The full listing, excluding its pictures, should be printed exactly as it stands.

#### Material provided ####

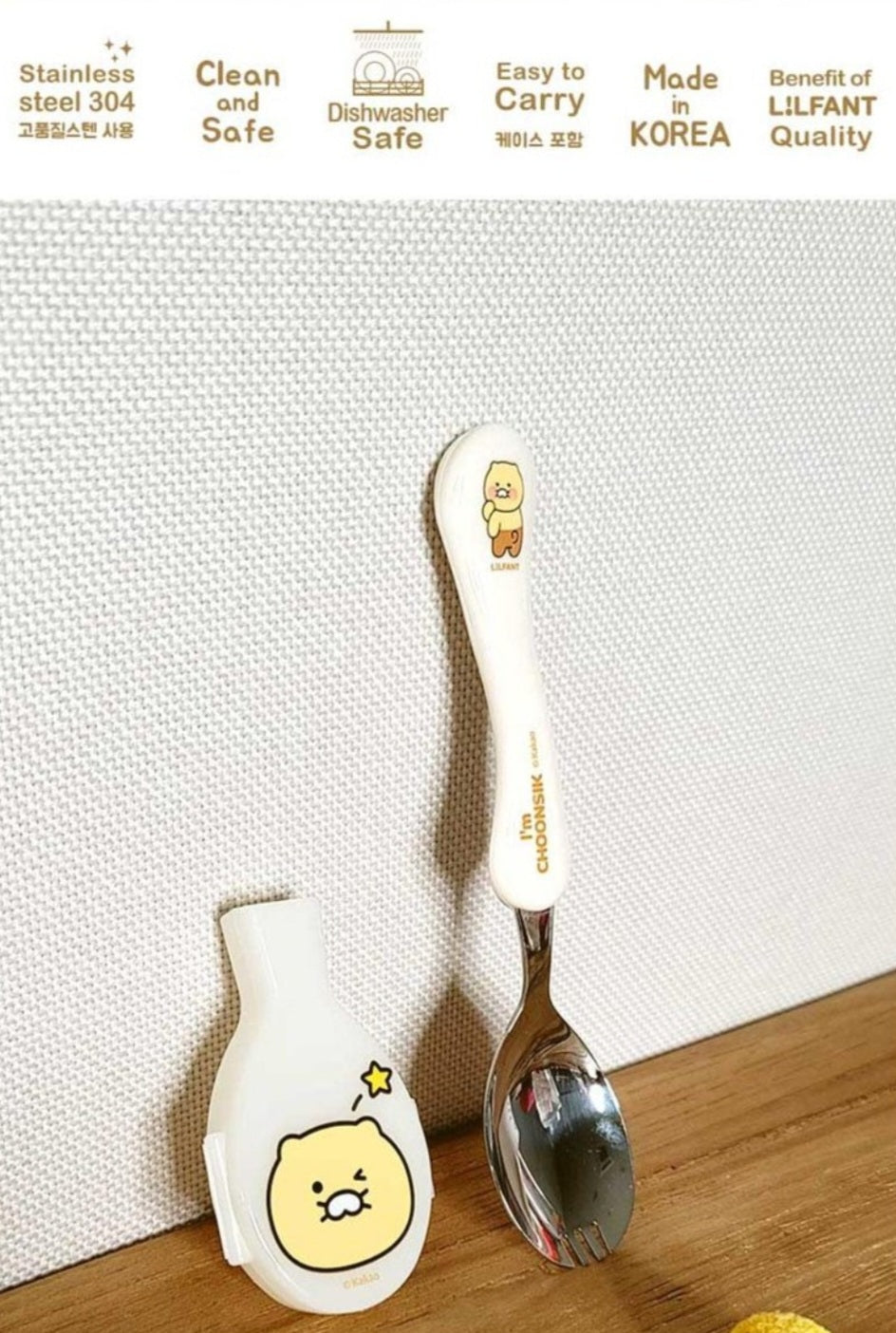 CHOONSIK SPORK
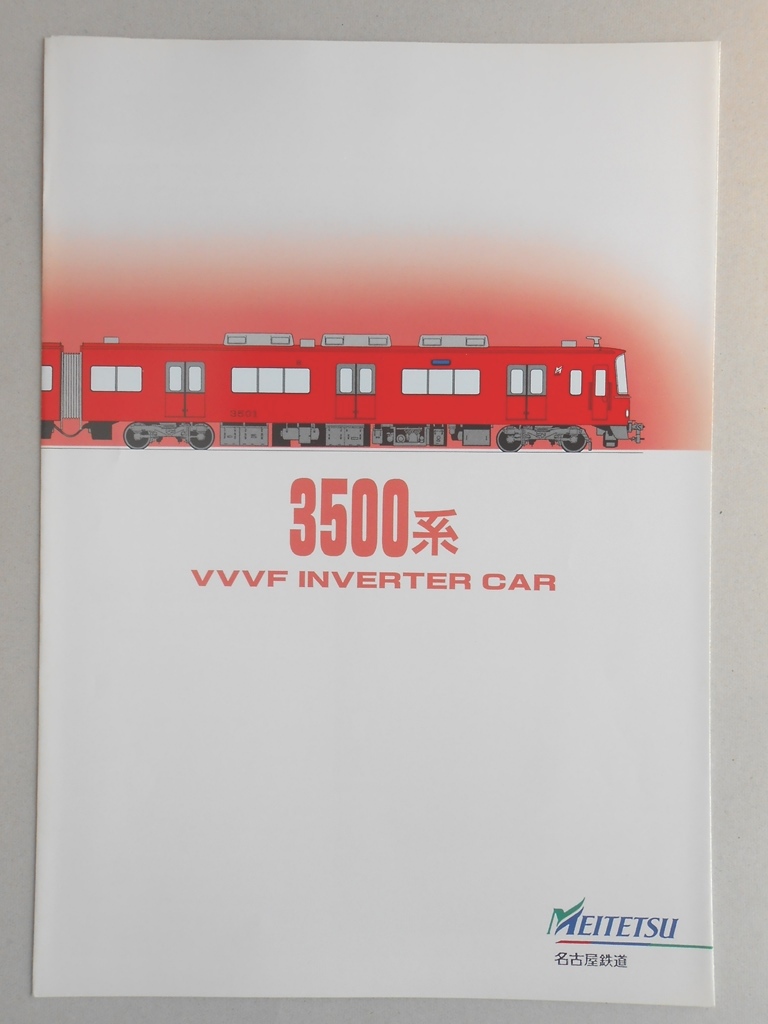 名古屋鉄道　3500系　パンフレット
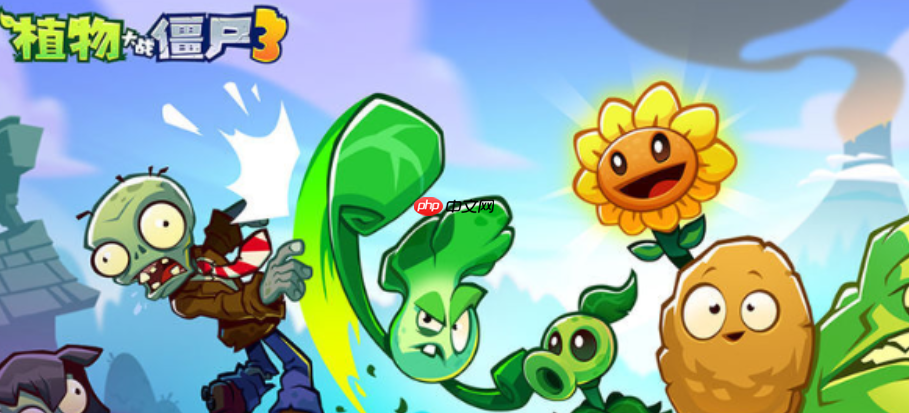 《植物大战僵尸3》融合植物解锁攻略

####

# Worked solution
 CHOONSIK SPORK
 名古屋鉄道　3500系　パンフレット
 《植物大战僵尸3》融合植物解锁攻略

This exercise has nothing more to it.